According to them, if the wavelength of the light is long,the wave the i.e red colored curvy part won't hit the particle and so we can't see them. But if the wavelength is short,the probability of the curvy part hitting the particle will be more,in short they are saying if E=hf is more then interaction will be more. But i don't understand how it works.

Translated at the quantum level for individual photon interactions, the probability of a low energy photon ( remember frequency is inversely proportional to wavelength, so a long wavelength means small frequency) to interact with a particle is very small, and will not be measurable, no accumulation as in the plot above. The shorter the wavelength the higher the energy of the photon, and then the plot can happen. The photons interact with the particles building up the walls of the slits.
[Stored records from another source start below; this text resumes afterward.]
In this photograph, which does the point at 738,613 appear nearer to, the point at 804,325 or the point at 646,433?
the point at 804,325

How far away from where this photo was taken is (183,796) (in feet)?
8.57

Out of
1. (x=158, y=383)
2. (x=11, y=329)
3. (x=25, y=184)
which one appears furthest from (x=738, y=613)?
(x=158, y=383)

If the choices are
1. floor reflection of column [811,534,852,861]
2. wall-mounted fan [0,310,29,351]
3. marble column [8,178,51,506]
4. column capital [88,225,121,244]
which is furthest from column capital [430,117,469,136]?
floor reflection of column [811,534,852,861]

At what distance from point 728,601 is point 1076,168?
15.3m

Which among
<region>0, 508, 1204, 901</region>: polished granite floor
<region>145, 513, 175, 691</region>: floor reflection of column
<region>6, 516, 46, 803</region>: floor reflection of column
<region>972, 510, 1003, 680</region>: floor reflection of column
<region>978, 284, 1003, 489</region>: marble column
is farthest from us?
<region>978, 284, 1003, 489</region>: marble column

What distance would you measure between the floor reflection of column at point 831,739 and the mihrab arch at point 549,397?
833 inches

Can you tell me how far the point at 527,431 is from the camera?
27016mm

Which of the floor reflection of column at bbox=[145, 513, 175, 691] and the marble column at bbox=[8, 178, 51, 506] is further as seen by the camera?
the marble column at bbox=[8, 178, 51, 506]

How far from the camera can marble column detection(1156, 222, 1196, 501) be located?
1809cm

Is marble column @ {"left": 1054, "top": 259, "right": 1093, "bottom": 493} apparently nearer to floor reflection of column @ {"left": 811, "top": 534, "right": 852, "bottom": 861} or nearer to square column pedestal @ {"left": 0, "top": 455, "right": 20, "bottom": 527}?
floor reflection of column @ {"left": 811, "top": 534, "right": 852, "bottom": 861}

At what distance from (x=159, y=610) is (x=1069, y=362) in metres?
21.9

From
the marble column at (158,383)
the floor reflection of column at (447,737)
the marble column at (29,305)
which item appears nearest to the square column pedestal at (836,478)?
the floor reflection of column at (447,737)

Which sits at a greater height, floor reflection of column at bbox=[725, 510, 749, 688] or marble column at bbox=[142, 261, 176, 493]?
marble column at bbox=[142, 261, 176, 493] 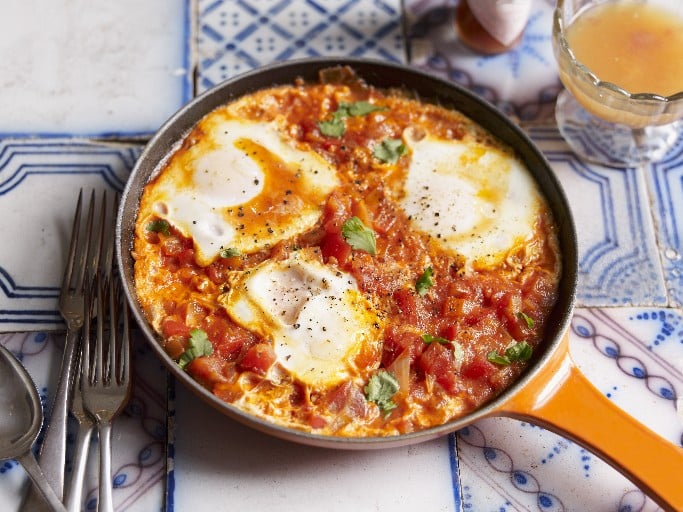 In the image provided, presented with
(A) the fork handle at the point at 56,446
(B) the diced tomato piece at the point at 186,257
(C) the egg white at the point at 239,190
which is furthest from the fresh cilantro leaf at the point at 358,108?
(A) the fork handle at the point at 56,446

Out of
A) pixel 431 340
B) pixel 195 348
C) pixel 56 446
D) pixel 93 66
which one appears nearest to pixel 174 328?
pixel 195 348

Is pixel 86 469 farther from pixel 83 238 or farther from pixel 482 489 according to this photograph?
pixel 482 489

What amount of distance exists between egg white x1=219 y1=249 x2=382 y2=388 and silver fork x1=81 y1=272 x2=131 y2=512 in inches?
18.6

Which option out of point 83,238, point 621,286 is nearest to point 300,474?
point 83,238

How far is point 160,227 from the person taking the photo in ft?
11.3

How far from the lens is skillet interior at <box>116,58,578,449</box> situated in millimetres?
2924

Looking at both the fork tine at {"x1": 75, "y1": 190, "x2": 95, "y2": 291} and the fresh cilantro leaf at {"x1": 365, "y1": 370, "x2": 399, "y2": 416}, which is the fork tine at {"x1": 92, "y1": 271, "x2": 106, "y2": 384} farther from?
the fresh cilantro leaf at {"x1": 365, "y1": 370, "x2": 399, "y2": 416}

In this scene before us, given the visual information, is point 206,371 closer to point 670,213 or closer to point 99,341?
point 99,341

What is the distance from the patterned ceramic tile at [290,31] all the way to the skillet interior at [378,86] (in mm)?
605

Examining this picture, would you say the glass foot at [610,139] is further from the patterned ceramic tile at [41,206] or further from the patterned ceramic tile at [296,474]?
the patterned ceramic tile at [41,206]

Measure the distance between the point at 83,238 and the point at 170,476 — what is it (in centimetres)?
117

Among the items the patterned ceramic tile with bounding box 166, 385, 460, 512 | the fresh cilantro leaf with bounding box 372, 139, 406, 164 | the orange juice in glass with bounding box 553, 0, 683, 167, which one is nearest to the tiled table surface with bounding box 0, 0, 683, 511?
the patterned ceramic tile with bounding box 166, 385, 460, 512

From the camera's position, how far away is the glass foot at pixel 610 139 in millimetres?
4211

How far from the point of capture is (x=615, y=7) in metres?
4.21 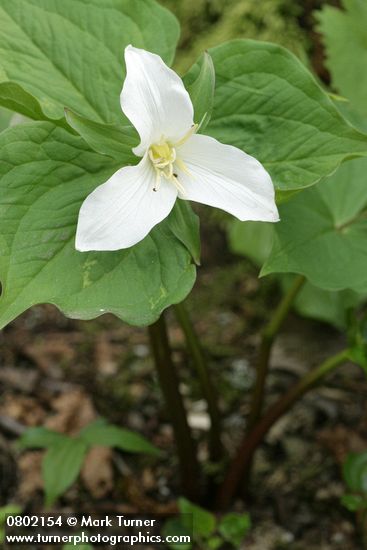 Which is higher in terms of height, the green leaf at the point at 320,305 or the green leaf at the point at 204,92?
the green leaf at the point at 204,92

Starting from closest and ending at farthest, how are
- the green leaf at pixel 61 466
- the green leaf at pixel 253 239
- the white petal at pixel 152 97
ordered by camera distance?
the white petal at pixel 152 97, the green leaf at pixel 61 466, the green leaf at pixel 253 239

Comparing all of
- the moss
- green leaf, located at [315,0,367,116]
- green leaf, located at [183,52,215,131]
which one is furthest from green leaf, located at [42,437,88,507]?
the moss

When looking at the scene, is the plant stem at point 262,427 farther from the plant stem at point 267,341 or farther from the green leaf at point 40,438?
the green leaf at point 40,438

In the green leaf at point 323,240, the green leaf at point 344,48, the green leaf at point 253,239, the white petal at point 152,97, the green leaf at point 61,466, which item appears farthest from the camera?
the green leaf at point 253,239

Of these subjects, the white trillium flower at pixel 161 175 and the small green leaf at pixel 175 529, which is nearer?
the white trillium flower at pixel 161 175

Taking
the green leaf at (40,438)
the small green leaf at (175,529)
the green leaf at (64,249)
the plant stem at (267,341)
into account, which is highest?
the green leaf at (64,249)

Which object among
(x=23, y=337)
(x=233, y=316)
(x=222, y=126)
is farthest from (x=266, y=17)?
(x=23, y=337)

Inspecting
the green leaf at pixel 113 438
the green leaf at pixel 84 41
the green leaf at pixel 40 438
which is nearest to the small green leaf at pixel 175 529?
the green leaf at pixel 113 438

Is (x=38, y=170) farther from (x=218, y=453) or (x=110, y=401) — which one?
(x=110, y=401)

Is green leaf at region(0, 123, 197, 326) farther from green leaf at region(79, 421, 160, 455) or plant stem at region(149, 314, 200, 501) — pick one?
green leaf at region(79, 421, 160, 455)

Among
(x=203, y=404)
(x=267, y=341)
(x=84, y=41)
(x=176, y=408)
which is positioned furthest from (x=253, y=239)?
(x=84, y=41) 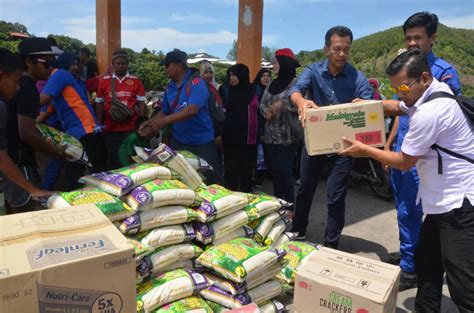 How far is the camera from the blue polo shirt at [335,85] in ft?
11.0

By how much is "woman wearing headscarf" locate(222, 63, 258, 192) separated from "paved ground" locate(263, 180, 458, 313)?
3.66 feet

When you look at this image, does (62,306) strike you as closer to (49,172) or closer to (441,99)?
(441,99)

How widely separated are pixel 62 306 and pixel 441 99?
196 centimetres

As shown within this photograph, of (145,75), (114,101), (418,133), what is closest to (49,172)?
(114,101)

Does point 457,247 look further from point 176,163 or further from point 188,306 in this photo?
point 176,163

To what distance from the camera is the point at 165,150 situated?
2.85 meters

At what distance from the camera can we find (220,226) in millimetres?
2787

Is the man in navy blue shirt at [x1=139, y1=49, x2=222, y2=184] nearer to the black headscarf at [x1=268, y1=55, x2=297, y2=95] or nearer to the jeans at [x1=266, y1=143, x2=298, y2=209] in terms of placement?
the jeans at [x1=266, y1=143, x2=298, y2=209]

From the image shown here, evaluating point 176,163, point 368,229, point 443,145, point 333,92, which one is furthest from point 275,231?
point 368,229

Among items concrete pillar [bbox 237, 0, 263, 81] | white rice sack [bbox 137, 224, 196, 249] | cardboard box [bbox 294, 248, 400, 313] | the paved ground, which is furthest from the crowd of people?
concrete pillar [bbox 237, 0, 263, 81]

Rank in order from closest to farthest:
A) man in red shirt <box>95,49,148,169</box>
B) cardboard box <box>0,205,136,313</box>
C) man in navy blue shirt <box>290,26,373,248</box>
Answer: cardboard box <box>0,205,136,313</box>, man in navy blue shirt <box>290,26,373,248</box>, man in red shirt <box>95,49,148,169</box>

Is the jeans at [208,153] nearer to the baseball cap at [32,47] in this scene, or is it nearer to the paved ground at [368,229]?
the paved ground at [368,229]

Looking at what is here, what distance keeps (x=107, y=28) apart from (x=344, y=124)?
591 centimetres

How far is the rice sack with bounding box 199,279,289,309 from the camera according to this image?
2.46 metres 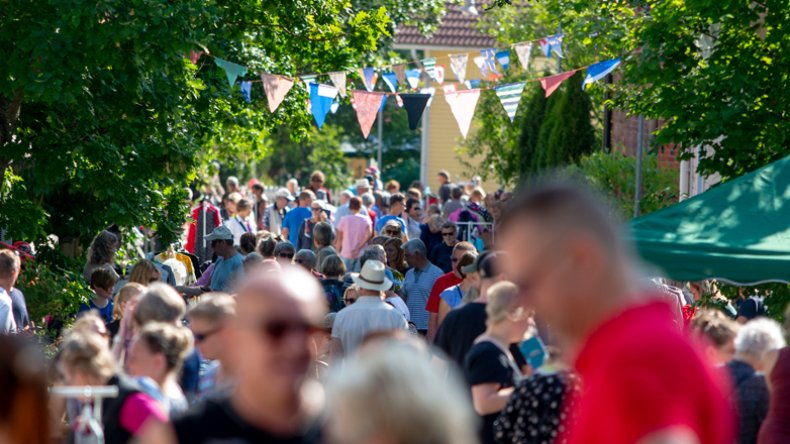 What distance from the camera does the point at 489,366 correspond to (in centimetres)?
565

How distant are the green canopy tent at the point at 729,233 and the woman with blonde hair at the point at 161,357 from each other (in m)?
4.43

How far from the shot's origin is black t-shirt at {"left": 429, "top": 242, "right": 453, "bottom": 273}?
14072 mm

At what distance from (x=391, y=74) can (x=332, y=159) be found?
77.2ft

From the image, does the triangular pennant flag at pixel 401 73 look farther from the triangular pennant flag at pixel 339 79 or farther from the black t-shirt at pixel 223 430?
the black t-shirt at pixel 223 430

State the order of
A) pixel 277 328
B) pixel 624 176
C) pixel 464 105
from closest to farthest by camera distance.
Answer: pixel 277 328 < pixel 464 105 < pixel 624 176

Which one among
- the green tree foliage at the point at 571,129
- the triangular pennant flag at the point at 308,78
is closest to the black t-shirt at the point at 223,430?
the triangular pennant flag at the point at 308,78

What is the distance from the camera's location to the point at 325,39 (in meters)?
14.2

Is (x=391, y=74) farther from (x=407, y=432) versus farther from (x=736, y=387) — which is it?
(x=407, y=432)

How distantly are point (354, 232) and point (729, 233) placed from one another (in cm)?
880

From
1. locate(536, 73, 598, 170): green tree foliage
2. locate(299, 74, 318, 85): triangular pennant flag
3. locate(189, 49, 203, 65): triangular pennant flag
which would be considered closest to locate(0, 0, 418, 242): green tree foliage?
locate(189, 49, 203, 65): triangular pennant flag

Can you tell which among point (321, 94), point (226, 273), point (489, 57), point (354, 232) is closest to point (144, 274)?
point (226, 273)

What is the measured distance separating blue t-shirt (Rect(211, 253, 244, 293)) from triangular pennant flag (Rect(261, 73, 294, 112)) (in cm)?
317

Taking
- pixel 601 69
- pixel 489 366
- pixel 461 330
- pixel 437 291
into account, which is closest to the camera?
pixel 489 366

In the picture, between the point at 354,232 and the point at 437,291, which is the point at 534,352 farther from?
the point at 354,232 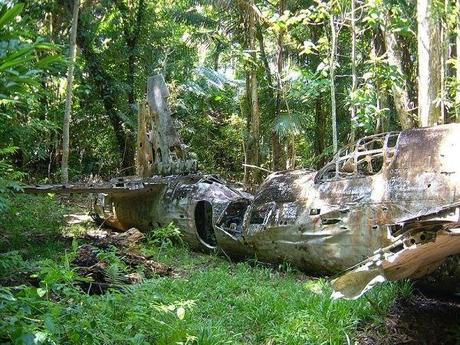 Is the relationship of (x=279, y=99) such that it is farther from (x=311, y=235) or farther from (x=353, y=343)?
(x=353, y=343)

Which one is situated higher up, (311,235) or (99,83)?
(99,83)

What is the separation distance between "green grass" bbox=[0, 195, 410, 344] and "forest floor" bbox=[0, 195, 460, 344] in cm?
1

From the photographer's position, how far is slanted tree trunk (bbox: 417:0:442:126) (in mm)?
8961

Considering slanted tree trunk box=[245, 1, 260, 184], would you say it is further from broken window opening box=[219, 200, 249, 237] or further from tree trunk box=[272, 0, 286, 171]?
broken window opening box=[219, 200, 249, 237]

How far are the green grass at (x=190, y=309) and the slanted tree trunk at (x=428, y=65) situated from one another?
156 inches

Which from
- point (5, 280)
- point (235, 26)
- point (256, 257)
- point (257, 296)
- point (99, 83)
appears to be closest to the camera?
point (5, 280)

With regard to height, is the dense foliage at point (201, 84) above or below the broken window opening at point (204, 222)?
above

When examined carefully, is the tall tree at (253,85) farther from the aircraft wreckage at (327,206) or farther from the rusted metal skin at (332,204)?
the rusted metal skin at (332,204)

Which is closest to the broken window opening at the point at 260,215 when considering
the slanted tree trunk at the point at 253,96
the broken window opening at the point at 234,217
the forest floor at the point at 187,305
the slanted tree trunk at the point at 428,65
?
the broken window opening at the point at 234,217

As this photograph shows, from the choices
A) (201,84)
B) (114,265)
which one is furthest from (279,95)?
(114,265)

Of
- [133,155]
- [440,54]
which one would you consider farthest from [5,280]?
[133,155]

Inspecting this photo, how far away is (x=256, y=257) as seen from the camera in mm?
8789

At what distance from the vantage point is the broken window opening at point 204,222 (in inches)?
410

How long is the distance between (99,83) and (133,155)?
3.40m
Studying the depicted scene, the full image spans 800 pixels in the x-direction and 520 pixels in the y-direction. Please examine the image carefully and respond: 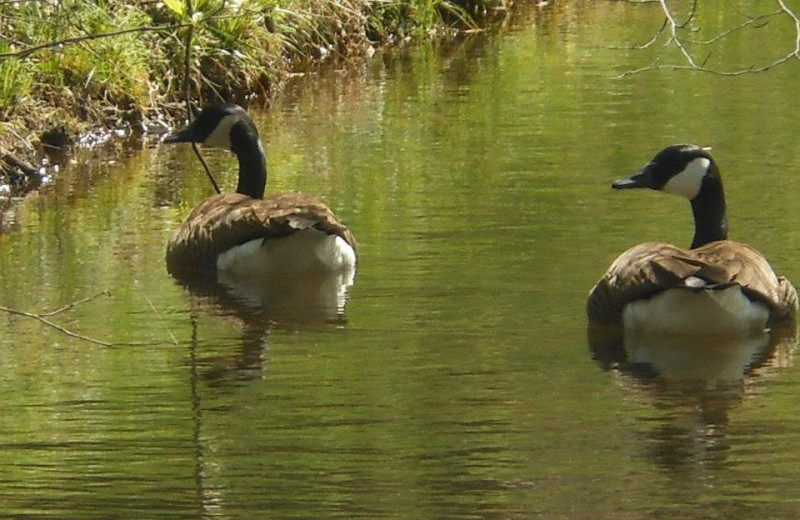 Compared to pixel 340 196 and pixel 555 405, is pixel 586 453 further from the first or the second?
pixel 340 196

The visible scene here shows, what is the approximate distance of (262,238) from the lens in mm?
11578

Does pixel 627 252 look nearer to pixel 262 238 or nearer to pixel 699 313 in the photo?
pixel 699 313

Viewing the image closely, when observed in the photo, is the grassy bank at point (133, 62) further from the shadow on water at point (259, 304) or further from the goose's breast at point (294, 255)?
the shadow on water at point (259, 304)

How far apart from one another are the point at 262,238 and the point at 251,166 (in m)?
1.67

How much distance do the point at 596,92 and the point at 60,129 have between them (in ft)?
16.5

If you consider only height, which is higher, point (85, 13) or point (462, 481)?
point (85, 13)

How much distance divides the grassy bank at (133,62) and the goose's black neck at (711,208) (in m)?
4.53

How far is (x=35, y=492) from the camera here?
Answer: 7.31 meters

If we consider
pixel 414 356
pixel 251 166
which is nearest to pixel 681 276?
pixel 414 356

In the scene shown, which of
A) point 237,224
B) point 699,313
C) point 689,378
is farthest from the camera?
point 237,224

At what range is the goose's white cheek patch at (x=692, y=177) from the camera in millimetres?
10852

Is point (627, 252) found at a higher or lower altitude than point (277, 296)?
higher

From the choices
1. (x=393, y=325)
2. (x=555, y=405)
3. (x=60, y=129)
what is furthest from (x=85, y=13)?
(x=555, y=405)

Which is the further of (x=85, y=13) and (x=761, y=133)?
(x=85, y=13) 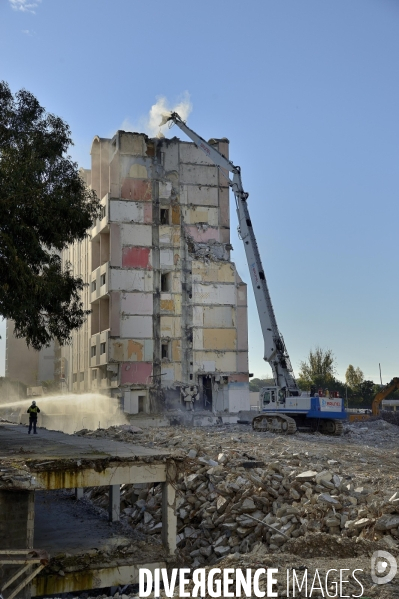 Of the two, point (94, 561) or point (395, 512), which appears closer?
point (395, 512)

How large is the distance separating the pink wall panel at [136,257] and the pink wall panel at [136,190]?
391 cm

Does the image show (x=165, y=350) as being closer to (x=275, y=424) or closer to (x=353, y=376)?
(x=275, y=424)

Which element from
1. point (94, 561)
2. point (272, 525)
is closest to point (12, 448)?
point (94, 561)

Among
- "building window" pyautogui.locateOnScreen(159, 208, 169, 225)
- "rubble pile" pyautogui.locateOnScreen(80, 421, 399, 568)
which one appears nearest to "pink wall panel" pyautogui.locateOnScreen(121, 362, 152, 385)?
"building window" pyautogui.locateOnScreen(159, 208, 169, 225)

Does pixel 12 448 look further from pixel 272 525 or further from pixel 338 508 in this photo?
pixel 338 508

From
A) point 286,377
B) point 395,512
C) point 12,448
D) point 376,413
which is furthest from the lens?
point 376,413

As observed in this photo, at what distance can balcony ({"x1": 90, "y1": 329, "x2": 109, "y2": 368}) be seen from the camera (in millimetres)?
46562

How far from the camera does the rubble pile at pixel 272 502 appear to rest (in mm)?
14023

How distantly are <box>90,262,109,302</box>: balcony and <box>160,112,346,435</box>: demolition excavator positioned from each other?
15.9 meters

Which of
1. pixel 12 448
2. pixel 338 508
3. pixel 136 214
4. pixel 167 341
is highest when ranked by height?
pixel 136 214

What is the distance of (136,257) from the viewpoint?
156 ft

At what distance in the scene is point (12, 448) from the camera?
58.8 ft

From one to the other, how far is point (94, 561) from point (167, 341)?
33205 mm

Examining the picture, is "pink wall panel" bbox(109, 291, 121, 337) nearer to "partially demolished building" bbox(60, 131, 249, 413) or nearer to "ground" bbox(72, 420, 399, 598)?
"partially demolished building" bbox(60, 131, 249, 413)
So you are mixing up in your drawing the quantum ( what you draw as an electron particle is also a quantum mechanical point particle if you look at the table), and the classical electromagnetic radiation. the impinging light is a classical representation and is composed of at least hundred of thousand photons ( as seen the double slit experiment above). If one wants to talk of particles and photons one has to stick to the quantum picture, of photon interacting with electron.

You ask in a comment,

Could you please tell the reason behind,as you said,that low energy photons have a lower chance of interacting?

That is the way the mathematical functions that fit the quantum scattering electron-photon come out, and the theory fits the data very well.

If you know the Heisenberg uncertainty principle, the higher the momentum of two interacting particles the smaller the localization in space. High energy is connected with large momentum, so a high energy photon hitting an electron has a probability of finding it in a smaller volume.

These concepts need the serious study of quantum mechanics.